The Defendant pleaded guilty and convicted of the count as charged.
The summary of the facts are as follows: -
On 1 and 30 May 2001, the Defendant attempted to have sexual intercourse with the Complainant. The Complainant girl was born on 21 June 1986. She was 14 years of age at the time of the attempted unlawful sexual intercourse occurred on two (2) occasions.
The first occasion was 1 May 2001. The victim was walking home after a church concert. After she had turned into a small road, she heard a man whistle to her and she looked up and saw the Defendant who motioned to her to come and join him. When she went and joined him, he told her to follow him. The girl was not afraid of the Defendant because they are related. The Complainant followed the Defendant to the bush. The Complainant started to feel afraid.

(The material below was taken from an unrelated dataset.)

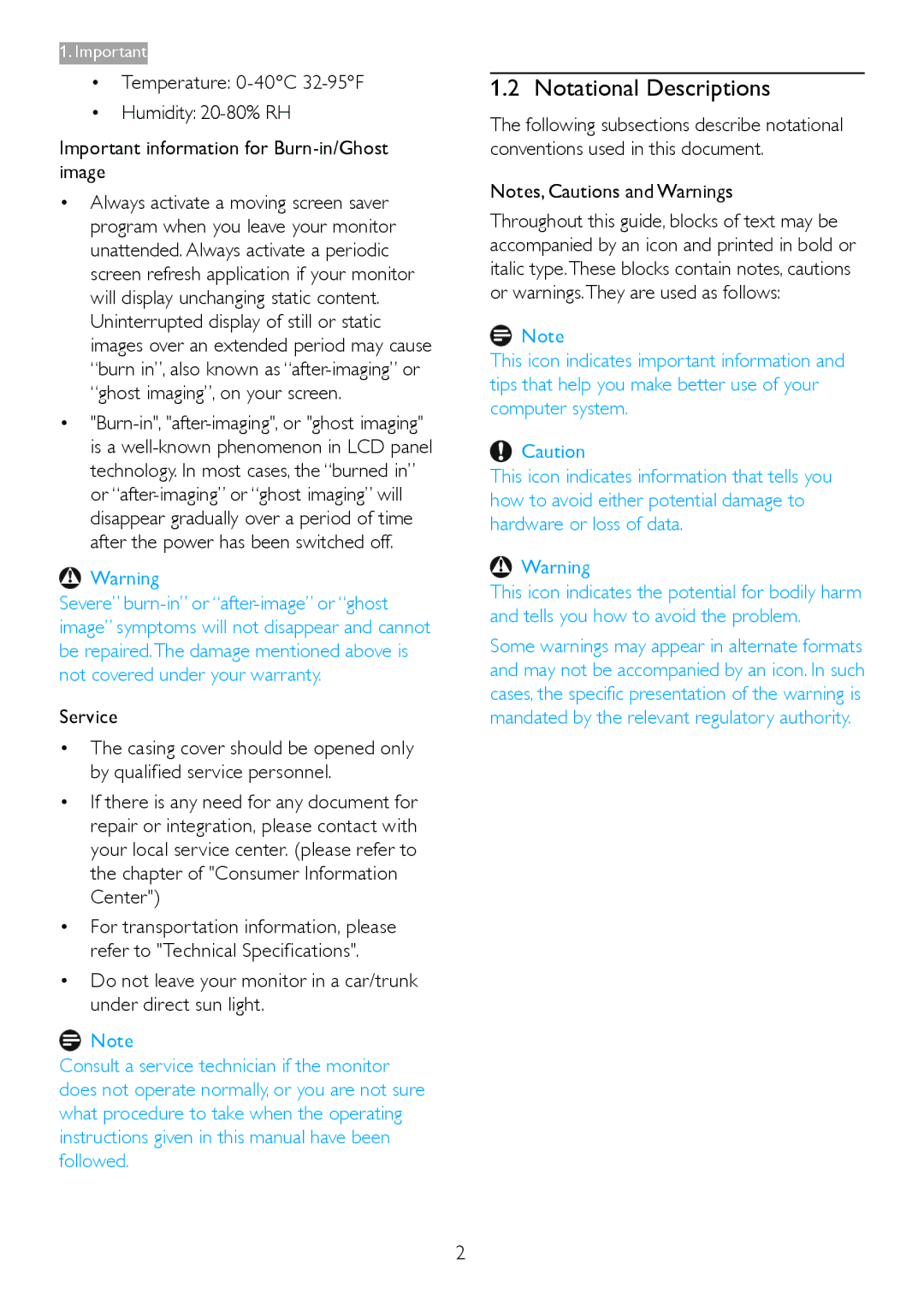 Philips 236V4 user manual Notational Descriptions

When they stopped, the Defendant put his hands inside her T-shirt and touched her breasts. The Complainant did not say anything to the Defendant. The Defendant then told the Complainant to take off all her clothes. The Complainant did so and was naked. He told her to lie down and the Complainant lay down on the ground. The Defendant put his T-shirt around his neck and took off his trousers and lay down on top of her. The Defendant attempted to penetrate the Complainant’s vagina with his penis, but her vagina was too small. The attempted intercourse was very painful for the Complainant and she told him enough. The Complainant felt her vagina and it was wet. The Defendant and the Complainant put their clothes back on and went back. The Defendant told the victim not to tell anyone.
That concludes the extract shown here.